INPUT FOR THIS TASK:

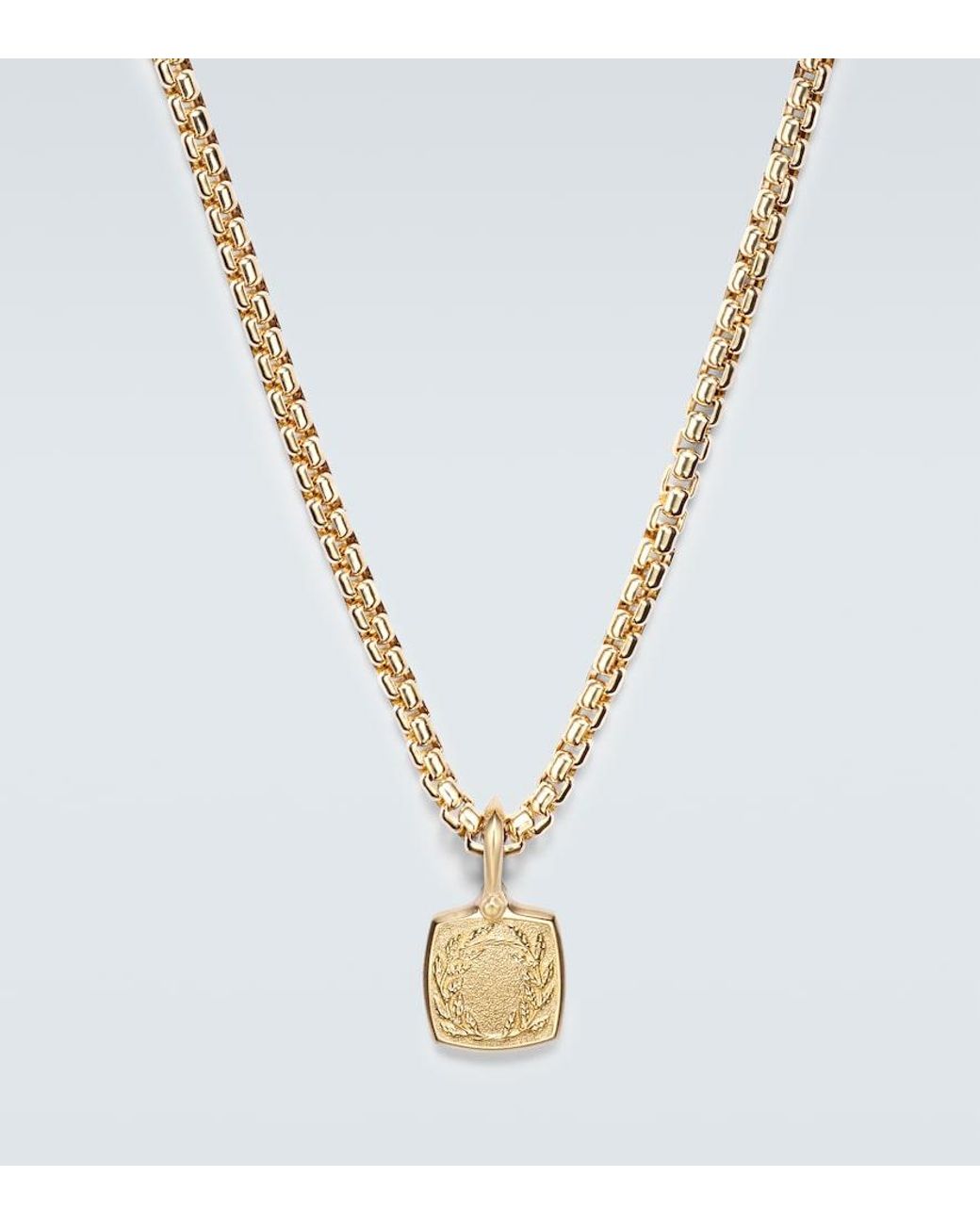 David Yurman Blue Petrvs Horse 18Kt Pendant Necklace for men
* * *
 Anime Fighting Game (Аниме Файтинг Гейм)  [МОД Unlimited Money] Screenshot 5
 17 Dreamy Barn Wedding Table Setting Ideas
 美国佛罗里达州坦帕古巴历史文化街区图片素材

YOUR TASK: The required output is the stretch of entries above from the line containing "Anime Fighting Game" through the line containing "美国佛罗里达州坦帕古巴历史文化街区图片素材", reproduced exactly.

PROBLEM SOLUTION:
 Anime Fighting Game (Аниме Файтинг Гейм)  [МОД Unlimited Money] Screenshot 5
 17 Dreamy Barn Wedding Table Setting Ideas
 美国佛罗里达州坦帕古巴历史文化街区图片素材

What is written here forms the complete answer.